Faz sentido: em ninhadas grandes, o risco individual de virar lanche de predador despenca, então vale a pena fazer barulho e sair em bando; em ninhadas pequenas, discrição ainda é a melhor estratégia para o réptil recém-nascido.

Entre os lagartos, cerca de 30% das famílias (13 de 43, sete delas do grupo Gekkota) já têm vocalizações documentadas, o que faz dos geckos os verdadeiros tagarelas da turma. Camaleões emitem sons curtos que lembram latidos e um chamado grave (nada de terminologia oficial aqui, é só a forma mais didática de descrever) quando interagem entre si, anolis rosnam e guincham quando estressados, e o lagarto-chorão chileno (Liolaemus chiliensis, batizado de “weeping lizard” e por vezes confundido com iguana, mas sem parentesco direto com a família Iguanidae) tem um repertório quase digno de ator dramático: emite guinchos simples sob ameaça leve, mas escala para chamados mais complexos e caóticos quando o perigo é grave, o que deixa vizinhos paralisados de medo por mais tempo. Mecanismo parecido já foi visto em suricatos e até em bebês humanos, detalhe perturbador para se pensar antes de dormir.

Foi justamente investigando o gecko-tokay (Gekko gecko) que Brumm topou com o achado mais elegante da pesquisa, embora não exatamente o que ele esperava. Ele queria testar se esses bichos fariam o clássico efeito Lombard, aquele hábito humano de falar mais alto quando um ônibus passa fazendo barulho perto da janela. Ao tocar ruído branco para os geckos em laboratório, Brumm não encontrou aumento de volume algum, ou seja, nada de efeito Lombard propriamente dito.

O que ele achou foi outra coisa: os bichos reorganizam o próprio chamado, cortando os cacarejos suaves do início e deixando mais espaço para o “geck-o” mais alto e alongado (a sílaba final, o “o”, chegou a esticar cerca de 37%), como os humanos alongam vogais para se fazer entender num ambiente barulhento. “Isso foi completamente inesperado”, resume Brumm, para quem o achado revela uma flexibilidade de comunicação digna de pássaros e mamíferos, e que ninguém esperava encontrar num bicho de sangue frio.

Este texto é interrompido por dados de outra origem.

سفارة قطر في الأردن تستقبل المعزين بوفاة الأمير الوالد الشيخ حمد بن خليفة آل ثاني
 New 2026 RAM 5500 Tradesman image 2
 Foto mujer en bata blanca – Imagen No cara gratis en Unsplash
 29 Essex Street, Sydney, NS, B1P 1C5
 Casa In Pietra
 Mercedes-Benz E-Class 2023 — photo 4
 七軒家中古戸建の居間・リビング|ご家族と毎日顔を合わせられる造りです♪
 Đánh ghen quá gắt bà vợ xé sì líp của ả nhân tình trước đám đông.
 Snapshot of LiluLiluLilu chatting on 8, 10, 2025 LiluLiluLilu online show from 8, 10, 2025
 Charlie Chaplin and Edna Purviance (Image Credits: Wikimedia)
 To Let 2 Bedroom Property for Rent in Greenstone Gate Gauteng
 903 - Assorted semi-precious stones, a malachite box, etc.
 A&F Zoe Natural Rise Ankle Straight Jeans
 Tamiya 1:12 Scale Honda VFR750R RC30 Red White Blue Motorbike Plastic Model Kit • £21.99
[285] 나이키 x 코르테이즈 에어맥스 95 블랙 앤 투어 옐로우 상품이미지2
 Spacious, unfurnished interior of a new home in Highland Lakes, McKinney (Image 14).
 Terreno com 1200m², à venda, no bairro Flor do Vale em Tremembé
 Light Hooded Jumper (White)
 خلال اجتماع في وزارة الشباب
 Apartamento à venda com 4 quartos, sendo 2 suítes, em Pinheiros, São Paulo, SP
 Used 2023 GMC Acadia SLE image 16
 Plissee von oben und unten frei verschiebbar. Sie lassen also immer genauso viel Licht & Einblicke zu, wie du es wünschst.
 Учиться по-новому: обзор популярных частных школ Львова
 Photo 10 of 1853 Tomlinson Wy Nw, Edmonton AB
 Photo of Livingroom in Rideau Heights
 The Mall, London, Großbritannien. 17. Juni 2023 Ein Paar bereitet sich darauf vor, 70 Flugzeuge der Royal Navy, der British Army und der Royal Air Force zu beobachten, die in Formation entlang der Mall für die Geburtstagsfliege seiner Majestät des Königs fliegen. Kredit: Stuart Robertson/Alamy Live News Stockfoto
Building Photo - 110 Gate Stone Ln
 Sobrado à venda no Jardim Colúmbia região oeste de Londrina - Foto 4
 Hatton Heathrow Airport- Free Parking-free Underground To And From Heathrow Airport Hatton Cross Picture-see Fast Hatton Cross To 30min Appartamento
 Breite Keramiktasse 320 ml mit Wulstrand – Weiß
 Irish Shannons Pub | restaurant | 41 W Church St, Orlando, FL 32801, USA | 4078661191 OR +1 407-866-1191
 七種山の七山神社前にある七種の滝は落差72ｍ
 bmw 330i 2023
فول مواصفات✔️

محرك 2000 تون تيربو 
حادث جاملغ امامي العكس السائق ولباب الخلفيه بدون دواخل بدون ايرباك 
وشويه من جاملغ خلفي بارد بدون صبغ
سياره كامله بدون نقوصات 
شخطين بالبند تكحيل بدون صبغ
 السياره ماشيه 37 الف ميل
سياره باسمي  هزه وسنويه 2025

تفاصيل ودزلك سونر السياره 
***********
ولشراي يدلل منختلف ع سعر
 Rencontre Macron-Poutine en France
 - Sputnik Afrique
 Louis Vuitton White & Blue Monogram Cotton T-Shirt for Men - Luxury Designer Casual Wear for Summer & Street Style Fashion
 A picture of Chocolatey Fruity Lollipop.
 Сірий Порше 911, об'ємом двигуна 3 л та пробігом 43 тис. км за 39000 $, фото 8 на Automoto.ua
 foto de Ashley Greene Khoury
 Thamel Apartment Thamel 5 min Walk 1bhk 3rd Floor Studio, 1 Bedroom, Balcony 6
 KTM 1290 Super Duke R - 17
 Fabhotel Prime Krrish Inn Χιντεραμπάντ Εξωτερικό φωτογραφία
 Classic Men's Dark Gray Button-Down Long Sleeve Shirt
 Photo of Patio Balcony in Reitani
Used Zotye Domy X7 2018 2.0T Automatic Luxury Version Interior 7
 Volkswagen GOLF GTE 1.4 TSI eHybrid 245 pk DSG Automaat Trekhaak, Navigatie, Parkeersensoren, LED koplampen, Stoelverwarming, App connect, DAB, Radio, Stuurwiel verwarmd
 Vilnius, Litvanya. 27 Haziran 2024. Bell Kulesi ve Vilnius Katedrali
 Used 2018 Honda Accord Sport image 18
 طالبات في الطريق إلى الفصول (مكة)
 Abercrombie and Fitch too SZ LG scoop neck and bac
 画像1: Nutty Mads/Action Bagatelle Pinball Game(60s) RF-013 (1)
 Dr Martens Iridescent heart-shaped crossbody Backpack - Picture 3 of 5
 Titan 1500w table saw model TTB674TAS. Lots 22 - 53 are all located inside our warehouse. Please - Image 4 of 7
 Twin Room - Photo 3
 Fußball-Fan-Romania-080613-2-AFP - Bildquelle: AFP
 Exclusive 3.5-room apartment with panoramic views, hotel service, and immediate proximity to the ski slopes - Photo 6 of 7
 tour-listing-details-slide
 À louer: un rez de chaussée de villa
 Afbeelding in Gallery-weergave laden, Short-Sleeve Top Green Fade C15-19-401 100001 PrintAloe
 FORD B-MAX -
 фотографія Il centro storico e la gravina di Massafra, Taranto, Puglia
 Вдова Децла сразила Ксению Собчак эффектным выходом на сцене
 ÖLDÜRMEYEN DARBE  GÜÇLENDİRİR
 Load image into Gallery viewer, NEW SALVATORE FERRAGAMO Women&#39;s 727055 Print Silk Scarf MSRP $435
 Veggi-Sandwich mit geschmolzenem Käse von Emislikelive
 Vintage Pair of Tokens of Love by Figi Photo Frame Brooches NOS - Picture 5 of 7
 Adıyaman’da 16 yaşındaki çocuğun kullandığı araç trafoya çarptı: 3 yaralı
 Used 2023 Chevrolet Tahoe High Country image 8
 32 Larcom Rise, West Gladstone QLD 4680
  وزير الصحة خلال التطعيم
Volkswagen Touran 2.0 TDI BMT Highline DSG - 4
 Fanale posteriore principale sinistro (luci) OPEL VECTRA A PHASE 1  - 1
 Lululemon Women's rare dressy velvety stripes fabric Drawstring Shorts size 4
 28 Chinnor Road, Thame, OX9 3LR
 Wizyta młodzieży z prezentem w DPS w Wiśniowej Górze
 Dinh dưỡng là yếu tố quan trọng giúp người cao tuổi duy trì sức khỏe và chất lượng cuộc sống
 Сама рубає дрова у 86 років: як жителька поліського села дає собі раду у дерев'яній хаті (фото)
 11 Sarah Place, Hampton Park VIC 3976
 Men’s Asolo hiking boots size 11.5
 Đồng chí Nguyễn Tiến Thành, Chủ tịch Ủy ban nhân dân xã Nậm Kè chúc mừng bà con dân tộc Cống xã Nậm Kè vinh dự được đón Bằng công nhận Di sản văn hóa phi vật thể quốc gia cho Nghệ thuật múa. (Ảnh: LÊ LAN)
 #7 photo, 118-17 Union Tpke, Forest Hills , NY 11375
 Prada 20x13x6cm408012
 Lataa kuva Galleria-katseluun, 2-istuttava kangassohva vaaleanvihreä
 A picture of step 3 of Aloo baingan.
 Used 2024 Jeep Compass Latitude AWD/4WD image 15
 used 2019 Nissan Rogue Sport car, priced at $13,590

E se há um campeão de sofisticação sonora nessa história, é o gharial (Gavialis gangeticus), parente indiano dos crocodilos, criticamente ameaçado, com queda populacional de cerca de 98% desde os anos 1940 e hoje restrito a trechos da Índia e do Nepal. Os machos adultos enchem a cavidade nasal de água e a expelem com força através de uma protuberância bulbosa na ponta do focinho, chamada de “ghara” (“pote de barro” em hindi), produzindo um estalo seco que soa como rolha de espumante.

Machos que perdem o ghara em brigas simplesmente deixam de conseguir fazer o som, o que já indica sua importância mecânica, ainda que os pesquisadores não tenham fechado a questão: além do jato de água pelo ghara, também entra em jogo o fechamento rapidíssimo da boca debaixo d’água e uma possível cavitação, e o mecanismo fino ainda está sendo investigado. O que já se sabe é que não é ruído aleatório: cada macho tem um padrão de estalos praticamente uma impressão digital sonora (variando, no geral, entre cerca de 9 e 55 milissegundos por pop), usado para alertar sobre intrusos, marcar território patrulhando ou cortejar fêmeas.

Um macho específico registrado pelos pesquisadores usava pops de 22 milissegundos para alertas e de 35 para patrulha, mas o que de fato identifica cada indivíduo é o padrão como um todo (número de pops, intervalo entre eles, contexto), não a duração isolada de um único estalo. A hipótese, ainda não comprovada, é que esse sinal comunique também qualidades paternas, já que o gharial macho é pai dedicado que protege os filhotes na água, e a fêmea pode valorizar isso na escolha do parceiro tanto quanto (ou mais que) o tamanho do corpo.

No fim, a lição é meio óbvia quando se para para (odeio este maldito acordo ortográfico) pensar: só porque um bicho não berra como leão ou canta como sabiá não significa que ele esteja calado, significa apenas que ninguém tinha parado para escutar direito. E com répteis representando milhares de espécies, quase todas inexploradas cientificamente, é bem provável que essa sinfonia de sangue frio ainda reserve muitos hits que ninguém colocou no repertório.

A pesquisa foi publicada em 2025 no periódico Annual Review of Ecology, Evolution and Systematics.